Dataset items:
○ ○ ○ ○ ○
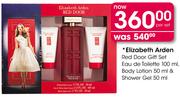 Elizabeth Arden Red Door Gift Set Eau De Toilette-100ml, Body Lotion-50ml & Shower Gel-50ml Per Set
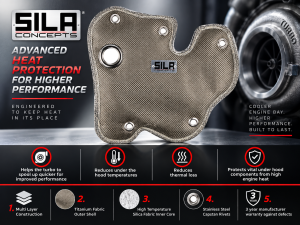 Dodge Dart Thermal Turbo Blanket - 1.4L Turbo - SILA Concepts - Titanium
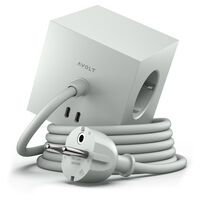 Square 1 Jatkojohto USB-C:llä / Magneetti 18 m Gotland Grey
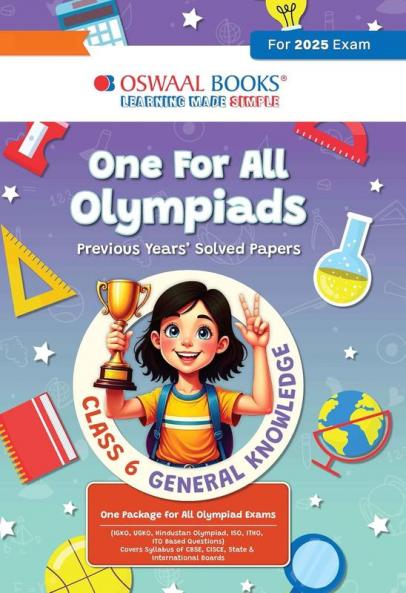 Oswaal One for All Olympiads Previous Year Solved Papers Class 6 General Knowledge For 2025 Exam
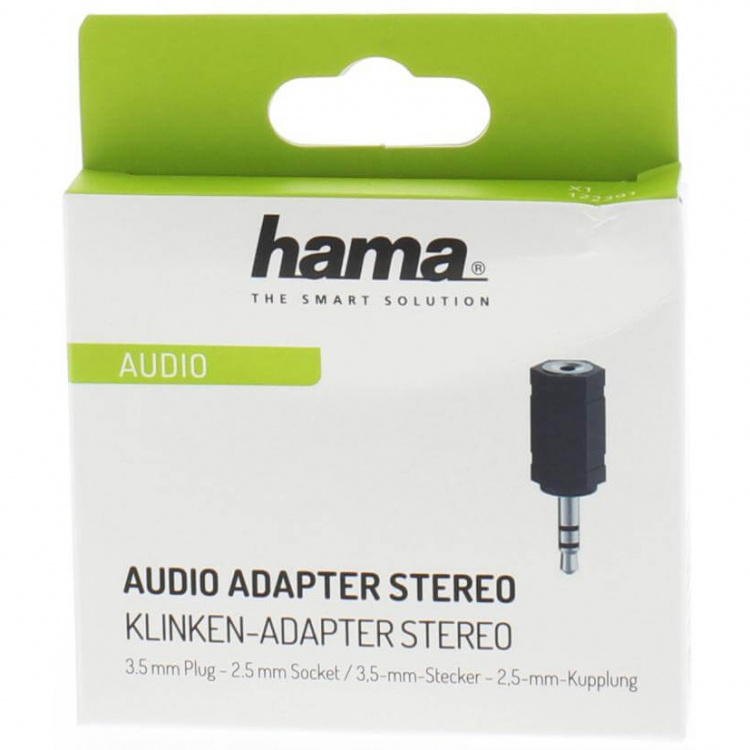 Hama Audio Adapter 3.5mm Hann-2.5mm Hunn Stereo ST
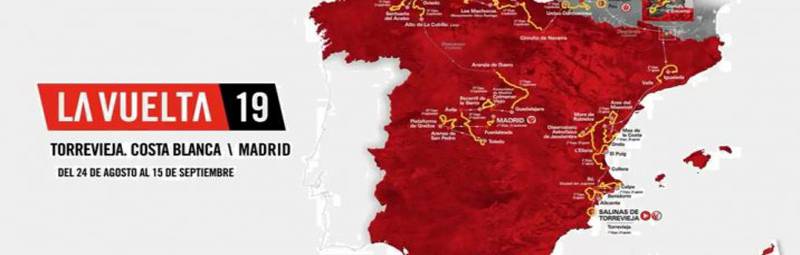 De Ronde van Spanje 2019 vertrekt vanuit Torrevieja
○ ○ ○ ○ ○
Task details:
Nothing but the lines from the line holding "Oswaal One for" through the last line of the entries above is to be reproduced, exactly and without pictures.

Task response:
 Oswaal One for All Olympiads Previous Year Solved Papers Class 6 General Knowledge For 2025 Exam
 Hama Audio Adapter 3.5mm Hann-2.5mm Hunn Stereo ST
 De Ronde van Spanje 2019 vertrekt vanuit Torrevieja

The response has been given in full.